Signed by Didion and Krementz

Joan Didion at Home in Malibu.

[California]: March 31, 1972.

Price: $15,000.00


About the item

Silver gelatin print, 14 x 11. Signed by Didion and Krementz. Stamped and numbered, signed and dated by Krementz, and signed by Didion as Joan Didion Dunne.

Item #353190

A portrait of Didion in the house at 33428 Pacific Coast Highway that she and John Gregory Dunne moved to in 1971, and where they lived with their daughter Quintana Roo until 1978. Fleeing the paranoia of Hollywood in the wake of the Manson Murders that she describes so well in Slouching Towards Bethlehem, they built a cocoon of relative domestic calm and creative productivity.
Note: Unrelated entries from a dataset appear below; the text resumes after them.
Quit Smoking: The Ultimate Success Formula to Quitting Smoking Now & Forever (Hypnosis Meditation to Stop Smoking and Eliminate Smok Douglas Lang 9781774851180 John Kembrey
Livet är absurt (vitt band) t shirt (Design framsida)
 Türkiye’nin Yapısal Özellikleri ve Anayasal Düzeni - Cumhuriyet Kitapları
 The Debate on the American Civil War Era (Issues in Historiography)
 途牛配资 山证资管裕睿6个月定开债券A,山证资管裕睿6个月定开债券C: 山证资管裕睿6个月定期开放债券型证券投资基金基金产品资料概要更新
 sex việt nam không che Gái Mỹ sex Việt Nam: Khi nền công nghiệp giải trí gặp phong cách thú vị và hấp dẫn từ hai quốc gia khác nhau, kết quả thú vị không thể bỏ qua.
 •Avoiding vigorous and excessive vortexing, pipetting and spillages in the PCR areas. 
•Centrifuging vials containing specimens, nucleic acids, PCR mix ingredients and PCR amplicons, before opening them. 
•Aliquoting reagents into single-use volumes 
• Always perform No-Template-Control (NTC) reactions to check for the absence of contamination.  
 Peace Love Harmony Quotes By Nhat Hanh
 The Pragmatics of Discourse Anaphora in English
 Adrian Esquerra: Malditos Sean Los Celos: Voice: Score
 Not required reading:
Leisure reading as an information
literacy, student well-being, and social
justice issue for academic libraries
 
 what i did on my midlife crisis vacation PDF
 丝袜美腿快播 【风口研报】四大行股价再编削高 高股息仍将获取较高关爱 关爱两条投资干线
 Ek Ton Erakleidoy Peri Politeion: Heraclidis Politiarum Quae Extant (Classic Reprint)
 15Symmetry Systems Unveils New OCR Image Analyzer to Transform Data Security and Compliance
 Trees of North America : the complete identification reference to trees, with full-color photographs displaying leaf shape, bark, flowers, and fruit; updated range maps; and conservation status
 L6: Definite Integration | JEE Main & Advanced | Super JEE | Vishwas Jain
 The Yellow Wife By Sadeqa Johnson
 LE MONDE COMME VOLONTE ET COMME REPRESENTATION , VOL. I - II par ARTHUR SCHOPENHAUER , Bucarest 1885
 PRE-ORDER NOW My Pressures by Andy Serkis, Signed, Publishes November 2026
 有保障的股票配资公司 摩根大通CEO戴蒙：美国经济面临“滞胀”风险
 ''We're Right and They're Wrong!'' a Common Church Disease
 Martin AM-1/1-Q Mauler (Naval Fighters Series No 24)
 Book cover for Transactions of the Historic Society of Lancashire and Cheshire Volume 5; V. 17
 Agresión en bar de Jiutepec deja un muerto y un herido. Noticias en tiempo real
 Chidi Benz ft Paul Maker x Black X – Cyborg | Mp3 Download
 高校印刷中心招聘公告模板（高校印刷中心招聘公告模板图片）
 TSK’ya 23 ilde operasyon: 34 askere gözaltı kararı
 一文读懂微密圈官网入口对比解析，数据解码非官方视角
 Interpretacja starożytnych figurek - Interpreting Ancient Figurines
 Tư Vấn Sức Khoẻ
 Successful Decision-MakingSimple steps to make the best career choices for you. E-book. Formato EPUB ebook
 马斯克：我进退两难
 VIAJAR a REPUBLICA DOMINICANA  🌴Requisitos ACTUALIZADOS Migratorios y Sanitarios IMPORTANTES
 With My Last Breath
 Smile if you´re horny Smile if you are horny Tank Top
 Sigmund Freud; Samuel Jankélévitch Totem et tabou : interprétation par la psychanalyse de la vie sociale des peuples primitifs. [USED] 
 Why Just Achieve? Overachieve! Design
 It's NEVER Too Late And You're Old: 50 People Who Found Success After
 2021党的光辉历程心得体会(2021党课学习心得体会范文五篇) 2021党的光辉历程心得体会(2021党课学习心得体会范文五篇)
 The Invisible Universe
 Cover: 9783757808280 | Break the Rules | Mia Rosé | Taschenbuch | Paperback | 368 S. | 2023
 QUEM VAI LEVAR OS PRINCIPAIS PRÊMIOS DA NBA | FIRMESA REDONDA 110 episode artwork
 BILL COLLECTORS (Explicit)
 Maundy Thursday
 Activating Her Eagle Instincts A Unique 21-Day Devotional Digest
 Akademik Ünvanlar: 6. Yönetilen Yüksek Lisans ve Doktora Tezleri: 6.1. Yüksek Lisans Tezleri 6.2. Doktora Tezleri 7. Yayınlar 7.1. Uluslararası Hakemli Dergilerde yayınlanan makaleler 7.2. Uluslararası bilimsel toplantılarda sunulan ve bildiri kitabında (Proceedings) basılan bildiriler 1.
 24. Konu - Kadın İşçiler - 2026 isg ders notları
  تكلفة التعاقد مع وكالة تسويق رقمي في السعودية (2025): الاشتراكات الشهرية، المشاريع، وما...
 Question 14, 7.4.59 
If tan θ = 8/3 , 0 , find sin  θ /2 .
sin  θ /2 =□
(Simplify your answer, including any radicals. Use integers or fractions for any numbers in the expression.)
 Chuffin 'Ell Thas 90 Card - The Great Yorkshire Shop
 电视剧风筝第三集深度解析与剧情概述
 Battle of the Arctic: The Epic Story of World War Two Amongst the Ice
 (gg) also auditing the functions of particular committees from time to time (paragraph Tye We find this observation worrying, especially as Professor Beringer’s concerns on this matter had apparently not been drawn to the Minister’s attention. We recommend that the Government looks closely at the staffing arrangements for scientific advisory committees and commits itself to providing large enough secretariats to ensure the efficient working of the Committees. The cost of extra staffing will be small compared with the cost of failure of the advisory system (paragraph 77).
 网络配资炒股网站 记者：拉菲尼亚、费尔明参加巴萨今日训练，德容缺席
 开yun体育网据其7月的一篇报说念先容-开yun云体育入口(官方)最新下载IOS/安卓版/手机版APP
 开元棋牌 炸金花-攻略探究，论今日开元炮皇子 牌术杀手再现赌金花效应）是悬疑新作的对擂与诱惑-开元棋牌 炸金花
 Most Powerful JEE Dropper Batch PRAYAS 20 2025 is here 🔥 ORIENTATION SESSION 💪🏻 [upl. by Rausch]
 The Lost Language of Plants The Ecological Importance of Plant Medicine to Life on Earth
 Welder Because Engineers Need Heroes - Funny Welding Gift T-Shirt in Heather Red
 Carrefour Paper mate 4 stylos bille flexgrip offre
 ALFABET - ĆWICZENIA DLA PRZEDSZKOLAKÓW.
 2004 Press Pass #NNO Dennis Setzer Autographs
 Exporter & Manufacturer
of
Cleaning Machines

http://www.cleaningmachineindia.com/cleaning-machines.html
Nevertheless the house in Malibu was a synedoche of the California at large of which she was such a keen observer, perched between the Pacific Ocean and the desert mountains with their ravaging wildfires, a place whose "principal residential street, the Pacific Coast Highway, is quite literally a highway, California 1, which runs from the Mexican border to the Oregon line and brings Greyhound buses and refrigerated produce trucks and sixteen-wheel gasoline tankers hurtling past the front windows of houses frequently bought and sold for over a million dollars":

"In the part of Malibu where I lived from January of 1971 until quite recently we all knew one another’s cars, and watched for them on the highway and at the Trancas Market and at the Point Dume Gulf station. We exchanged information at the Trancas Market. We left packages and messages for one another at the Gulf station. We called one another in times of wind and fire and rain, we knew when one another’s septic tanks needed pumping, we watched for ambulances on the highway and helicopters on the beach and worried about one another’s dogs and horses and children and corral gates and Coastal Commission permits. An accident on the highway was
likely to involve someone we knew. A rattlesnake in my driveway meant its mate in yours. A stranger’s campfire on your beach meant fire on both our slopes.
"In fact this was a way of life I had not expected to find in Malibu. When I first moved in 1971 from Hollywood to a house on the Pacific Coast Highway I had accepted the conventional notion that Malibu meant the easy life, had worried that we would be cut off from “the real world,” by which I
believe I meant daily exposure to the Sunset Strip. By the time we left Malibu, seven years later, I had come to see the spirit of the place as one of shared isolation and adversity, and I think now that I never loved the house on the Pacific Coast Highway more than on those many days when it was impossible to leave it, when fire or flood had in fact closed the highway. We moved to this house on the highway in the year of our daughter’s fifth birthday. In the year of her twelfth it rained until the highway collapsed, and one of her friends drowned at Zuma Beach, a casualty of Quaaludes." ("Quiet Days in Malibu" 1976-78, The White Album).